The vulnerability rating taxonomy represents a categorization of defects and includes various categories such as server security misconfiguration, server-side injection, broken authentication and session management, sensitive data exposure, insecure OS/Firmware, broken cryptography, automotive security misconfiguration, cross-site request forgery, application-level denial-of-service, cross-site scripting, and so on. Different types of system defects or vulnerabilities that are known are classified into categories as defined by the vulnerability rating taxonomy. Other features describing the user provided as input to the machine learning model include: features reported by the user such as interests or skills. Features describing a user may include interests, skills, and experiences obtained by the system by crawling external sources linked to the researchers, such as their linkedIn, Github, HackTheBox or bug bounty service provider profiles. Features describing a user may include stakeholder ratings of researchers, for example if an expert user for example, a triager of the system described rates a given researcher as being skilled in a particular attack method. Features describing a user may include natural language processing (NLP) features, such as word embeddings derived from researcher submission texts. Features describing a target may include features of an external system associated with the target, for example the size of the company, the company's industry, and so on.

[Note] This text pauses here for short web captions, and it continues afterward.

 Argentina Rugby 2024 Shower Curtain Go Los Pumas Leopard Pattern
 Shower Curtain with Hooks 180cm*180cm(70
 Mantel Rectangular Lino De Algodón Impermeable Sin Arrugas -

If there is no information available for the history of a user, the system finds similar users/researchers based on the data available. The system uses data from similar existing researchers to provide matches.

According to an embodiment, the user vector and the target system vectors are combined into a single vector that is provided as input to the machine learning model. Examples of tags used include, ‘.NET’, ‘API Testing’, ‘ASP’, ‘ASP.NET’, ‘AWS’, ‘AWS CodeCommit’, ‘AWS IoT’, ‘ActionScript’, ‘Adobe Experience Manager’, ‘Agriculture’, ‘Akamai CDN’, ‘Algolia’, ‘Amazon Cloudfront’, and so on.

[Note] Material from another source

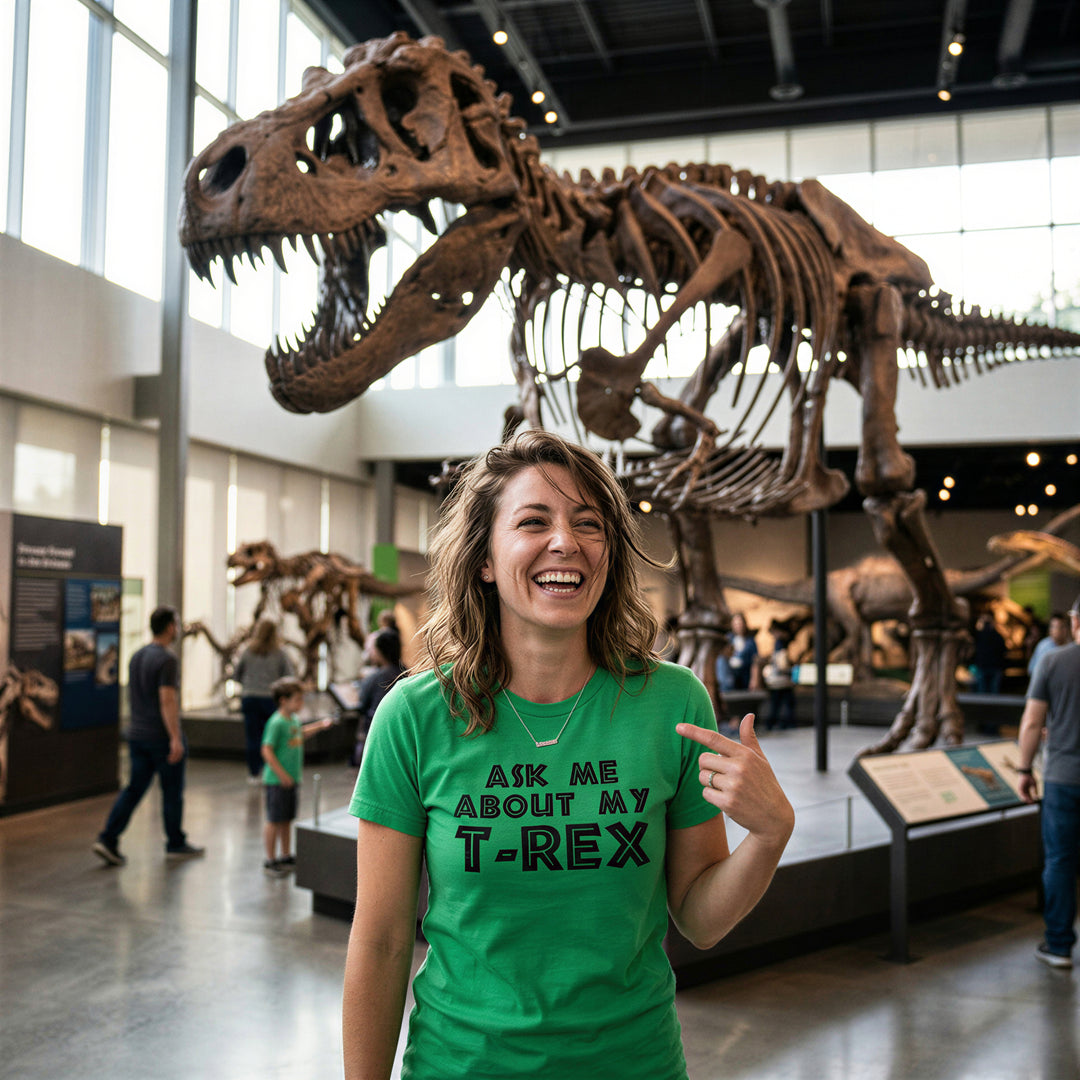 Ask Me About My T-Rex Flip Women's T Shirt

According to an embodiment, the machine learning model is a gradient boosted decision tree. However other embodiments may use other types of machine learning models, for example, neural networks such as multi-layered perceptrons may be used.

According to an embodiment, for a target, the system creates a one hot vector storing zeros for all tags that are not present in its targets, and 1 for all tags that are present. When creating the user vector, the system may create a vector containing the counts of each tag associated with a target against which the user has made a past submission, and a zero for all other tags.

Overall Process

FIG. 4 is a flow chart illustrating the process 400 of determining whether a new system defect is a duplicate of another existing system defect according to an embodiment. Various embodiments can perform the steps of these flowcharts in different orders. Furthermore, various embodiments can include different and/or additional steps than the ones described herein.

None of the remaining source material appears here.